Scientific classification
- Kingdom: Plantae
- Clade: Tracheophytes
- Clade: Angiosperms
- Clade: Eudicots
- Clade: Rosids
- Order: Sapindales
- Family: Sapindaceae
- Genus: Cossinia
- Species: C. australiana
- Binomial name: Cossinia australiana S.T.Reynolds

= Cossinia australiana =

- Genus: Cossinia
- Species: australiana
- Authority: S.T.Reynolds
- Conservation status: EN

Species of flowering plant

Cossinia australiana is a species of seasonal rainforest trees endemic to restricted areas of Queensland, Australia, and constituting part of the plant family Sapindaceae.

They are found only in restricted habitat areas of central-eastern to southeastern Queensland.

Both the Australian national and Queensland state governments have given the official conservation status of "endangered" for this species' remaining populations of trees.
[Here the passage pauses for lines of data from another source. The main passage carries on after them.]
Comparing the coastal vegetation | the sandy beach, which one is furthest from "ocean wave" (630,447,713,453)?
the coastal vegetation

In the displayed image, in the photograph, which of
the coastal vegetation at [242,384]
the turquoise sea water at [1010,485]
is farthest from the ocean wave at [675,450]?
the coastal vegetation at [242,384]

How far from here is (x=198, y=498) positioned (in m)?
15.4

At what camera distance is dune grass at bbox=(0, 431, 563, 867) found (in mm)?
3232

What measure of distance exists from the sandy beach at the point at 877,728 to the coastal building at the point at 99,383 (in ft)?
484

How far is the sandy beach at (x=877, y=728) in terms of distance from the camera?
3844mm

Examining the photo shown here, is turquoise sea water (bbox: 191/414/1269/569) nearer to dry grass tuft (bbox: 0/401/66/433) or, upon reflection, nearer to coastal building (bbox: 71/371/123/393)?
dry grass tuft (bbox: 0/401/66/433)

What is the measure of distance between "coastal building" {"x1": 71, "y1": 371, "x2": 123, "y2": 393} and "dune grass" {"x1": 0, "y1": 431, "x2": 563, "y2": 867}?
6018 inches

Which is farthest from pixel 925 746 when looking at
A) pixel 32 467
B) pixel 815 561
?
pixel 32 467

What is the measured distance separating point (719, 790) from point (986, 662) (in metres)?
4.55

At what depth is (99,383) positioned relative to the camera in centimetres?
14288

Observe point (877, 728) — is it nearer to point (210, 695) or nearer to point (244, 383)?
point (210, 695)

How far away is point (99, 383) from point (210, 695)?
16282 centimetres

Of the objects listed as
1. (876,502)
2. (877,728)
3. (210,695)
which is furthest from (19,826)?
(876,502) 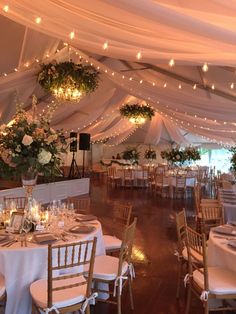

Within their endemic region the trees grow naturally in habitats of seasonal–drought adapted rainforests and associated vegetation types not adapted to fire, typically on nutrient–rich soils derived from basalt parent materials, which have historically had their native vegetation extensively destroyed and as of 2013 been further threatened.

This species name and description was formally published for the first time in 1982 by Sally T. Reynolds of the Queensland Herbarium.